**RECORD EXTRACTS:**
- Opening Delimiter -

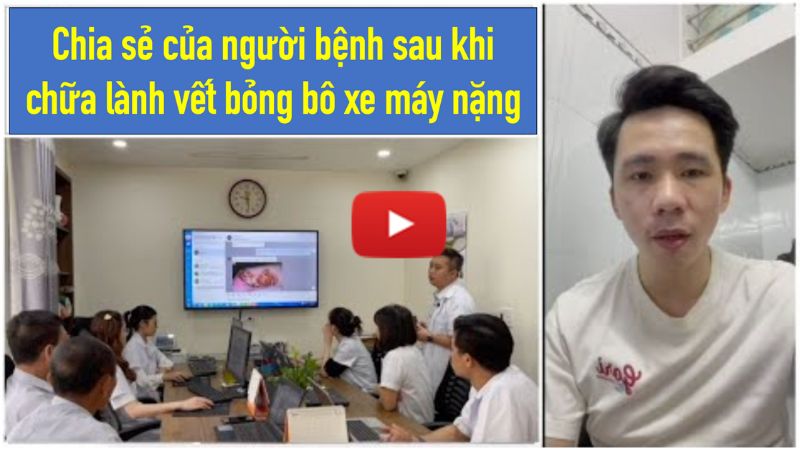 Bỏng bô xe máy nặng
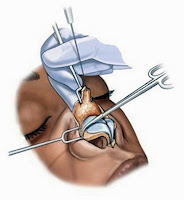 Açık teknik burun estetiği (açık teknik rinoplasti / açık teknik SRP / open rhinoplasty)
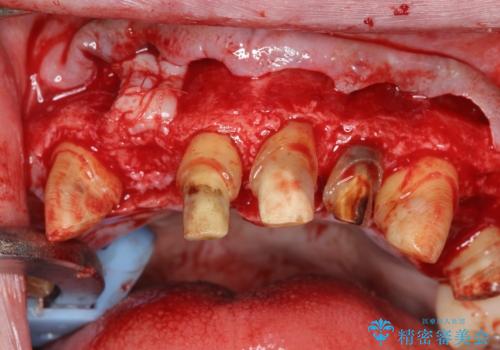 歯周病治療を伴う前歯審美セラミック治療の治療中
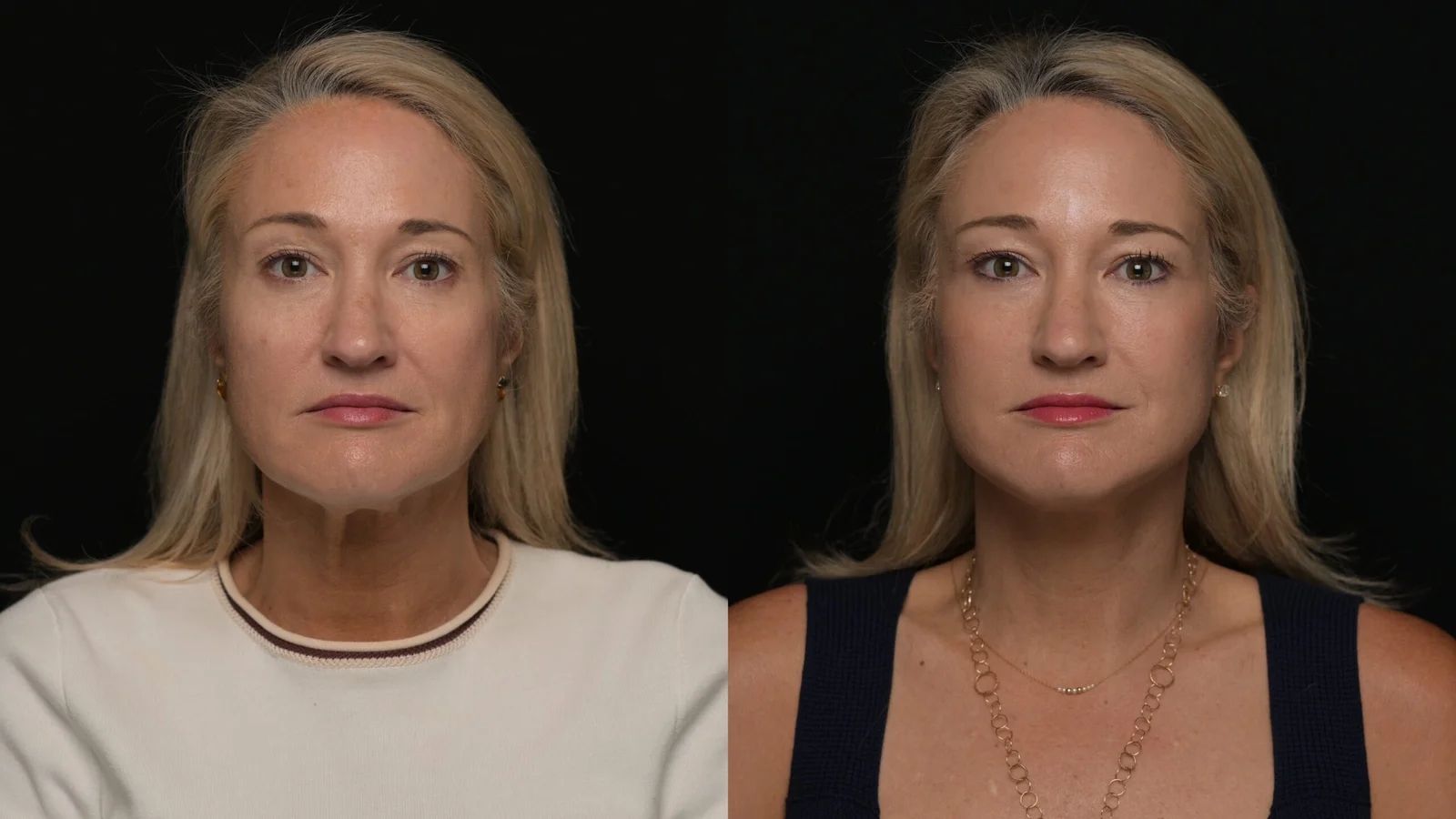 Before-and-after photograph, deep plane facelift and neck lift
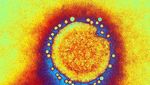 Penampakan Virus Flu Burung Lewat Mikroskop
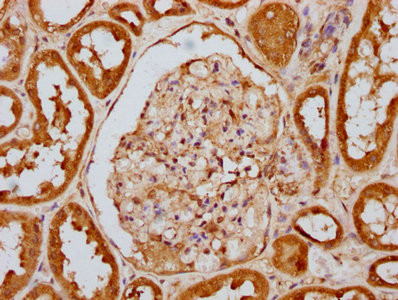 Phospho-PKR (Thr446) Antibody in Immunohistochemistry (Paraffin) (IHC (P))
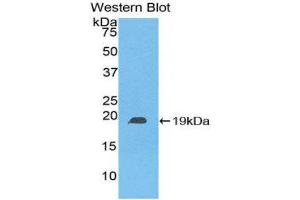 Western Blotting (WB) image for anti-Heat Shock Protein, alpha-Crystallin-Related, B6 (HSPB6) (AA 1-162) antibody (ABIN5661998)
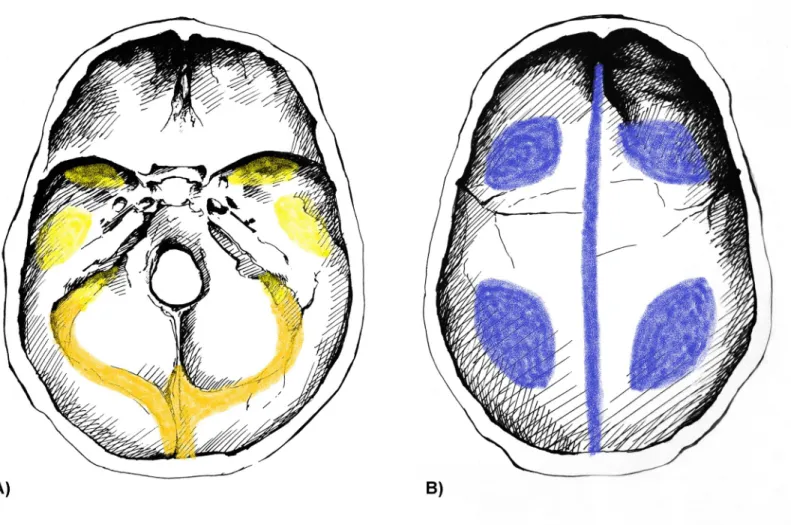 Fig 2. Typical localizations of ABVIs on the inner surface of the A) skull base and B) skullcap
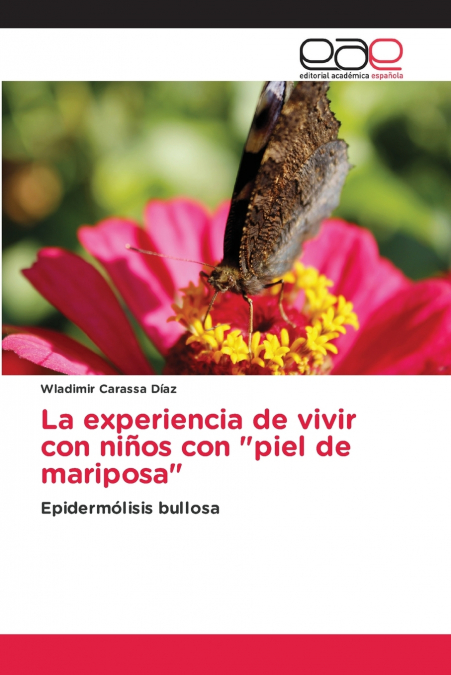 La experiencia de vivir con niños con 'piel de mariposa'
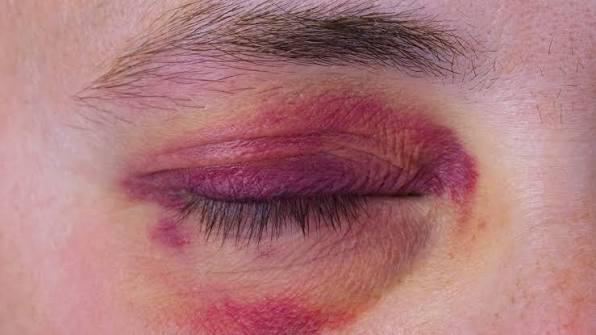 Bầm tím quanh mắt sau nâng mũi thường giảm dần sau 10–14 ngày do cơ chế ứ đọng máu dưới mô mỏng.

- Closing Delimiter -
- Opening Delimiter -

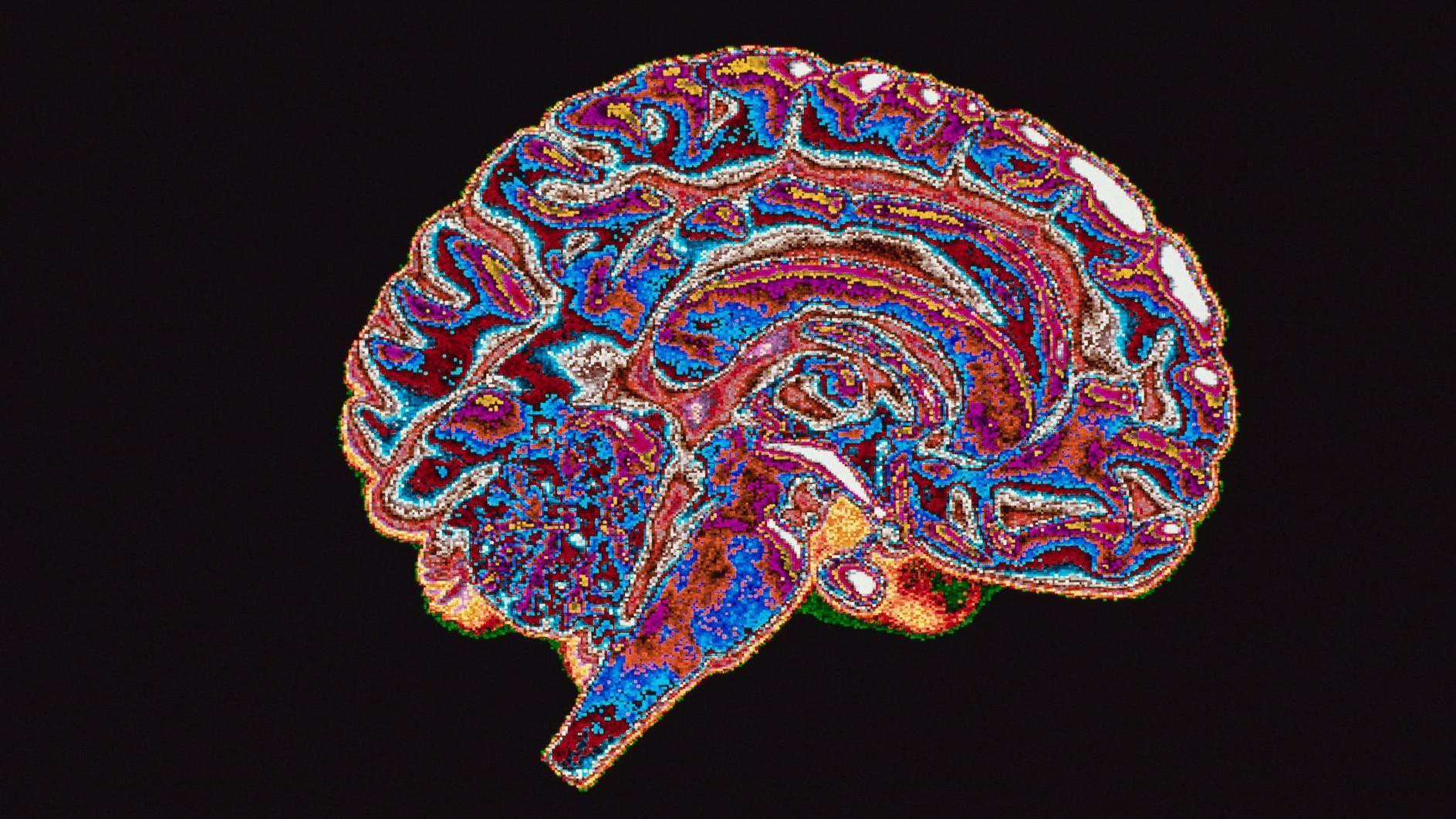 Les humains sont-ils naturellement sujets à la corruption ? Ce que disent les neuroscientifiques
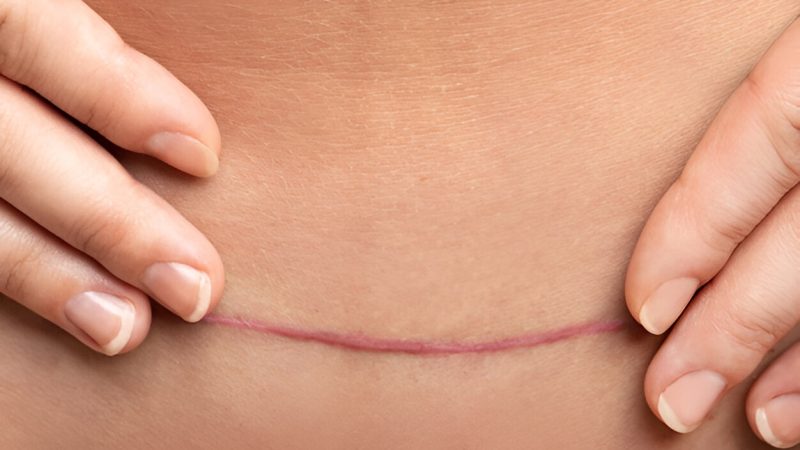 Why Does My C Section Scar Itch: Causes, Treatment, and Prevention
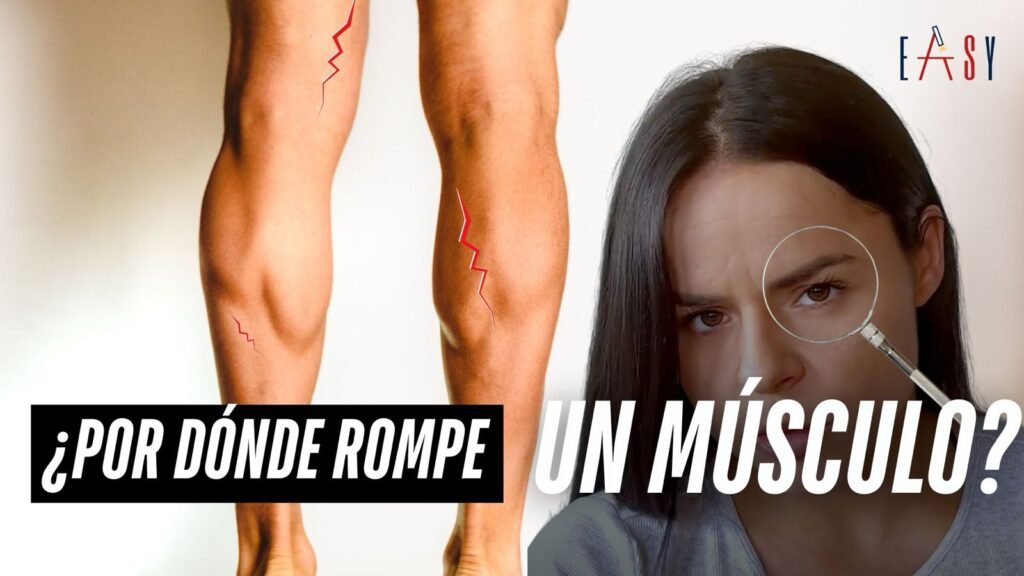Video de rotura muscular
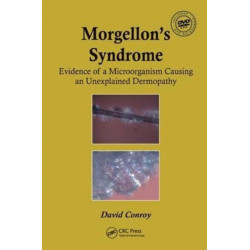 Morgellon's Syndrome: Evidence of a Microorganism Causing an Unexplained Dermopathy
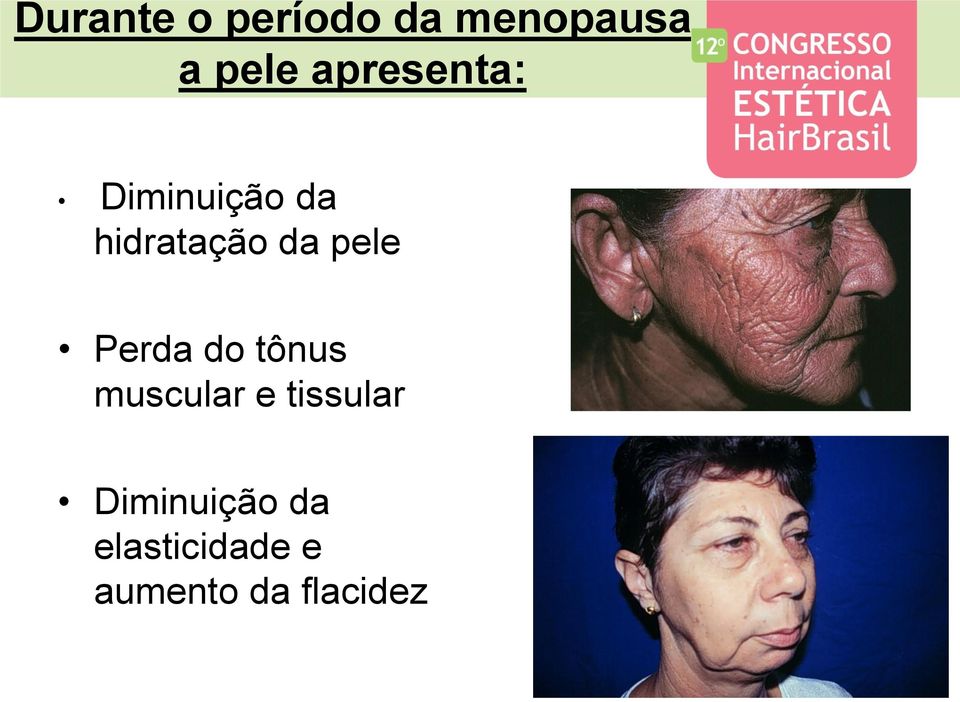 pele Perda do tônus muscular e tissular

- Closing Delimiter -
- Opening Delimiter -

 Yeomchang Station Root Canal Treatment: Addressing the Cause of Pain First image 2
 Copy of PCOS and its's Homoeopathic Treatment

- Closing Delimiter -

**HOW TO COMPLETE THIS TASK:** Only one stretch of the material above is wanted: the line containing "Açık teknik burun" through the line containing "La experiencia de". Restate it word for word, minus the pictures.

**WRITTEN SOLUTION:**
 Açık teknik burun estetiği (açık teknik rinoplasti / açık teknik SRP / open rhinoplasty)
 歯周病治療を伴う前歯審美セラミック治療の治療中
 Before-and-after photograph, deep plane facelift and neck lift
 Penampakan Virus Flu Burung Lewat Mikroskop
 Phospho-PKR (Thr446) Antibody in Immunohistochemistry (Paraffin) (IHC (P))
 Western Blotting (WB) image for anti-Heat Shock Protein, alpha-Crystallin-Related, B6 (HSPB6) (AA 1-162) antibody (ABIN5661998)
 Fig 2. Typical localizations of ABVIs on the inner surface of the A) skull base and B) skullcap
 La experiencia de vivir con niños con 'piel de mariposa'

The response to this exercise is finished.